Ren McCormick (Kevin Bacon, Crazy, Stupid, Love) moves with his mother from Chicago to the small town of Bomont, where they intend to live with Ren’s aunt and uncle. After making friends with local Willard (Chris Penn, Reservoir Dogs) and falling for the rebellious Ariel (Lori Singer), Ren discovers that the city council and Ariel’s strict father, Reverend Shaw Moore (John Lithgow, Rise of the Planet of the Apes), has banned dancing and rock music in the town. Ren resolves to fight the power and the city fathers and bring cutting loose back to Bomont.
It would be very easy to dismiss Footloose as a cheap cash-in on the dance craze with a music video aesthetic tacked on the front end. Indeed, back in 1984, Roger Ebert described the film as “a seriously confused movie that tries to do three things, and does all of them badly”. Yet this ignores the basic strengths of the film, in that it is the same little rebel in a sea of copycats that Kevin Bacon’s Ren is amongst the kids of Bomont. Loosely based on the real-life events of the town of Elmore City, Oklahoma, Footloose has always remained a great ‘rebel with a cause’ film because it questions the ultimate conservative institution: the church. Represented by the deliciously creepy John Lithgow, he sees the world in black and white. “If our Lord wasn’t testing us, how would you account for the proliferation, these days, of this obscene rock and roll music, with its gospel of easy sexuality and relaxed morality?”. Ren’s world, as the representative of the youth of America, is one of living colour.

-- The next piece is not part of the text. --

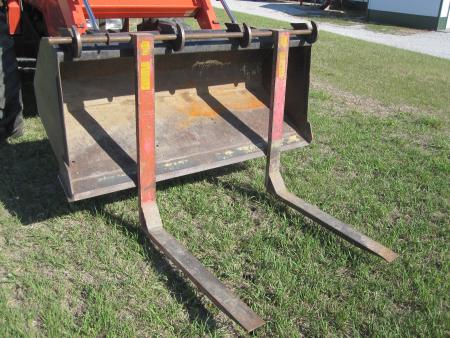 Used 1998 AGCO ALLIS 8765 94hp Pre-DEF MFWD Loader Tractor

Kevin Bacon is the breakout performance. With Friday the 13th and Diner already under his belt, Footloose catapulted the young actor into a place that would see him only six degrees away from any given person in Hollywood. Not even a sequence in which he dances his aggression away in an abandoned warehouse can diminish his manliness one iota. Lori Singer, best known at the time for her role on the Fame TV series, proves to be a bit of a one-trick pony in her role here. Rather it is the late, great Chris Penn who proves to be a better companion for Bacon, goofily learning to dance in one of the best musical montages of the decade. Academy Award®-nominated Lithgow sews the seeds of the villain roles he would portray later in the 1980s, such as his role the same year in The Adventures of Buckaroo Banzai Across the 8th Dimension.
Yet it is the soundtrack that is the real star here. With a title track that is arguably more famous than the film, the Kenny Loggins tune gives a buoyantly joyful edge to the opening and closing of the film, and Deniece Williams “Let’s Hear It for the Boy” also reached the #1 position on the Billboard Charts, and has become a karaoke classic to boot. Similarly, Bonnie Tyler’s “Holding Out for a Hero” is said to be the first music-video that successfully promoted a movie while having no movie footage in the video! Again, this is all evidence to suggest that Footloose was more interested in record sales and music videos than in narrative strength. However, whether it was intentional or not, Herbert Ross’ Footloose set out tap into the rhythm of an era and inadvertently captured the zeitgeist in the process.